PROBLEM TO SOLVE:
Range to reproduce from the entries below: the line with "모금함 경품뽑기통 추첨상자 250x250x250mm 투명 중형 투표함", the line with "Tods 남성 가죽 패치 운동화 001-197234", and every line in between. Give them exactly and give nothing else.

MATERIAL PROVIDED:
□ □ □ □
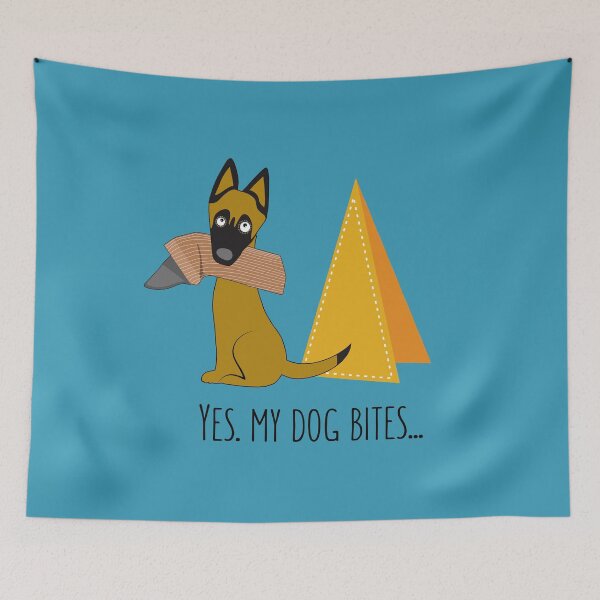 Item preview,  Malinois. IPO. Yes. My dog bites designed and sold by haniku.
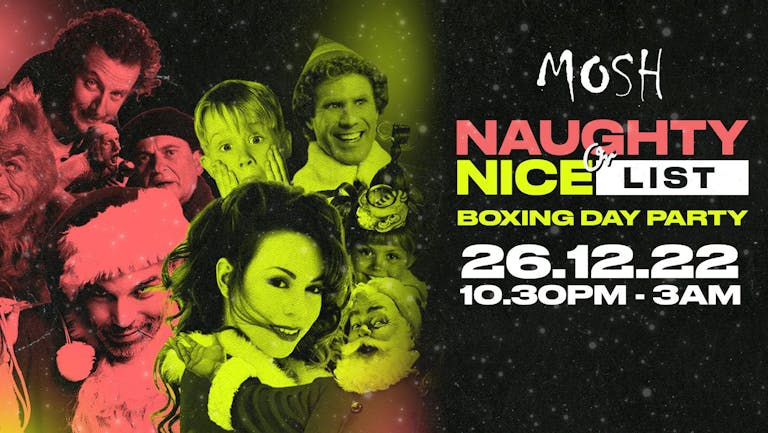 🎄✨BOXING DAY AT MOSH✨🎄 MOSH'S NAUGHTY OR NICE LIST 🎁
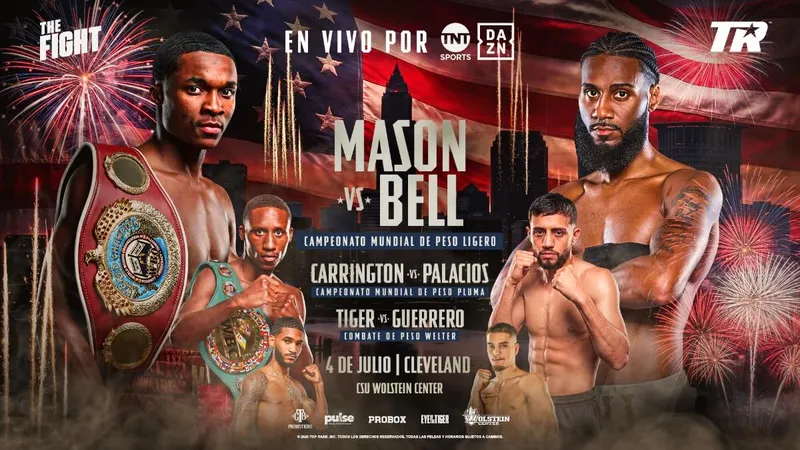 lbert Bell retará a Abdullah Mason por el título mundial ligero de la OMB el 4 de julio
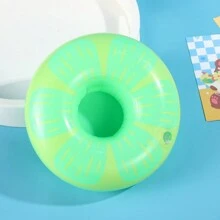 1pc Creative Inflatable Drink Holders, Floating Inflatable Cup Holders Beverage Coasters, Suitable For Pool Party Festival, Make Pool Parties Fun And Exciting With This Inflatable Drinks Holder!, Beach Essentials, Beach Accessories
□ □ □ □
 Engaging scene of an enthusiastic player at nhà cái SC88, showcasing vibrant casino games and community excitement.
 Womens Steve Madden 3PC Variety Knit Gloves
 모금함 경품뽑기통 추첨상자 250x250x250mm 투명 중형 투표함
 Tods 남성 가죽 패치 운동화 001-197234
□ □ □ □
REPLY:
 모금함 경품뽑기통 추첨상자 250x250x250mm 투명 중형 투표함
 Tods 남성 가죽 패치 운동화 001-197234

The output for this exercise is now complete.